PRAGUE: The Czech central bank's foreign assets grew by nearly a billion euros in the 10 days to Aug. 20, the bank's balance sheet showed on Wednesday, suggesting the bank intervened markedly in the foreign exchange market to keep the crown from firming.
The bank initially intervened to weaken the crown in November 2013. Since mid-2015 it has been buying euros, at various intensities, to prevent it from firming to the strong side of 27 per euro. Interventions have been relatively small recent months.
But in the Aug. 10-20 period, central bank assets abroad rose by 26.3 billion crowns, or 975 million euros. In the Aug. 1-10 period, the receivables abroad also rose, by 11.8 billion crowns.
The statistic can involve other factors, especially conversion of inflows of EU subsidies into crowns which the bank does for the Finance Ministry, but the majority has been attributable to central bank activity.
A spokesman for the ministry said it had converted euros worth 9.1 billion crowns into the domestic currency from the start of August to date. The central bank does not comment on its market activity.
Including the initial 2013 intervention, the bank bought 20.5 billion euros through the end of June, the last month for which official data was published. Foreign currency reserves stood at 68.1 billion euros in June, about 39 percent of annual gross domestic product.
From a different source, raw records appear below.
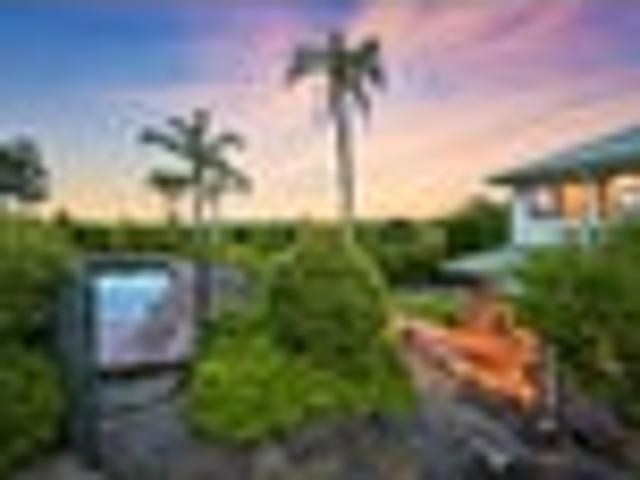 House for sale in Pāremoremo, Upper Harbour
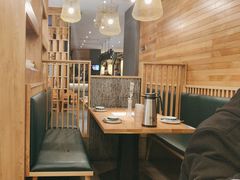 -7017浙菜•建德味(中财店)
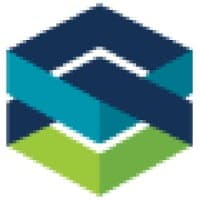 Minera Group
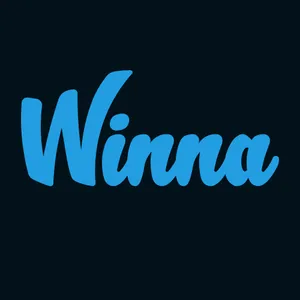Winna Casino review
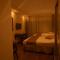 Aljamal Hotel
The crown weakened after the Britain voted in June to leave the European Union, but has since firmed. It mostly hugged levels around 27.02 to the euro in the Aug. 10-20 period, and last traded at 27.021 on Wednesday afternoon.
The bank has repeatedly said it expects to keep the cap on the crown until around mid-2017, when it sees inflation picking up to consistently meet the bank's 2 percent target.
The growth in foreign assets on the central bank's balance sheet was the highest since February, said Radomir Jac, chief economist at Generali Investments CEE.
Factors for raising interest in the crown are stronger-than-expected 0.9 percent economic growth in the second quarter and the central bank's confirmation it expects to remove the cap on the crown in mid-2017, he said.